The regime’s initial response to the protests was actually quite subdued when compared with similar events in Gambia’s past. But citizens mobilized again two days later, on April 16, staging the largest and most sustained act of public defiance against Jammeh since he seized power more than two decades ago. This time, the agitated police responded more forcefully, spraying demonstrators with live ammunition and assaulting people in the streets. In total, 55 people were reportedly arrested; many of them were brutalized in detention.

Most shockingly, Solo Sandeng, the leader of the youth wing of Gambia’s main opposition movement, the United Democratic Party (UDP), was allegedly tortured to death while in state custody. After news of Sandeng’s death broke, the UDP once again rallied, marching peacefully through the capital to demand answers. And once again, riot police rushed to the scene,arresting Ousainou Darboe, secretary-general of the UDP, and other senior members of the party. According to a UDP news release issued on the evening of April 16, over two dozen party members were reportedly detained and three people were killed, including Sandeng. Many of them have been charged with “unlawful assembly,” among other crimes, but the party has said it will organize more demonstrations in the coming days.

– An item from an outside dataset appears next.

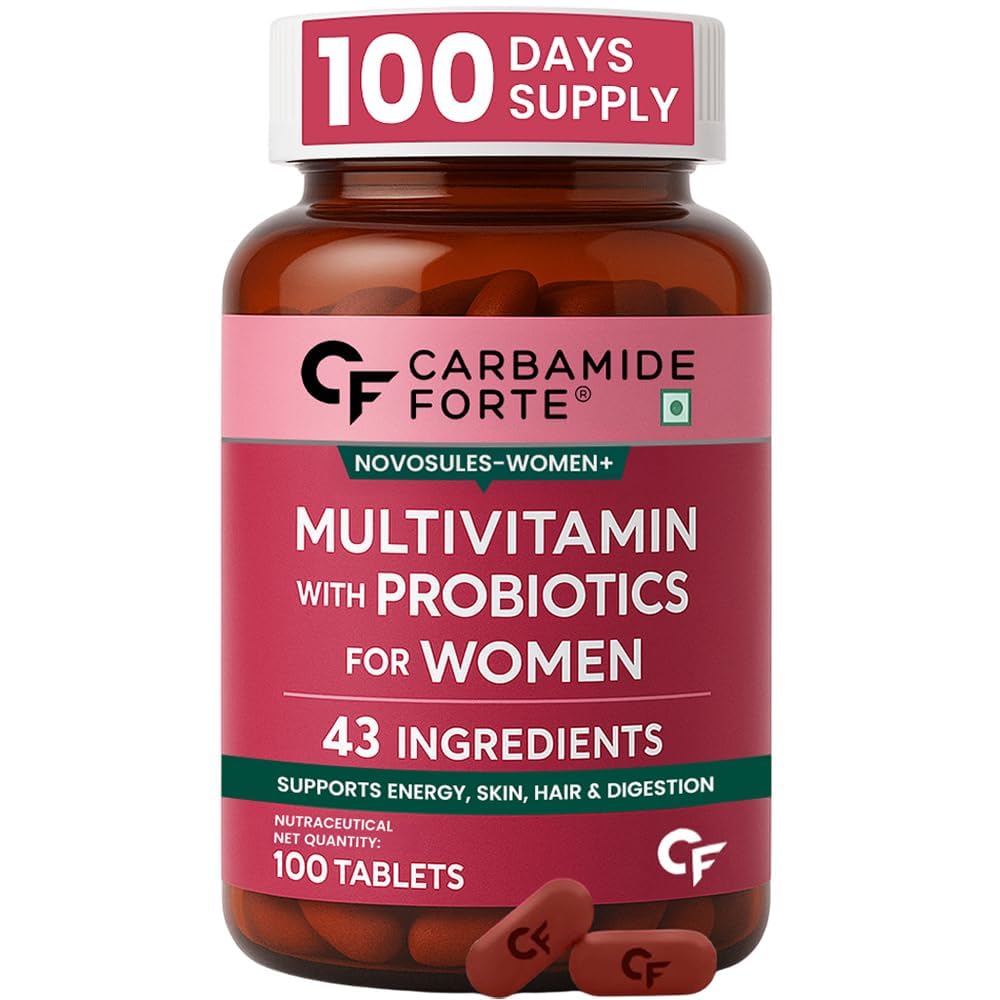 Carbamide Forte Multivitamin Tablets for Women | Multi Vitamin Supplement for Women With Probiotics | Multivitamin Tablet for Women With 43 Ingredients To Support Energy & Health - 100 Tablets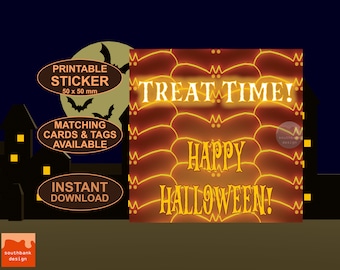 Pegatinas de Feliz Halloween: Etiquetas imprimibles para bolsas de dulces (descarga digital)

U.N. Secretary-General Ban Ki-moon, the African Union, and the U.S. State Department all condemned the Gambian government’s severe response to the peaceful protests, the latter urging the government to exercise “restraint” and “calm.” But if the UDP goes ahead with its plan for more protests, there is a risk that Jammeh’s paranoid government will respond with additional deadly force. In fact, the president has already threatened that “protesters will not be spared” and blamed Western countries for instigating the unrest.

It is for this reason that the United States should move beyond rhetoric and sanction Jammeh’s regime for its clear record of abuse. It should impose travel restrictions on individuals implicated in grave human rights abuses and freeze the U.S. assets of Jammeh, his immediate family, and members of his inner circle. Jammeh’s lavish $3.5 million mansion in Potomac, Maryland would certainly be a good place to start.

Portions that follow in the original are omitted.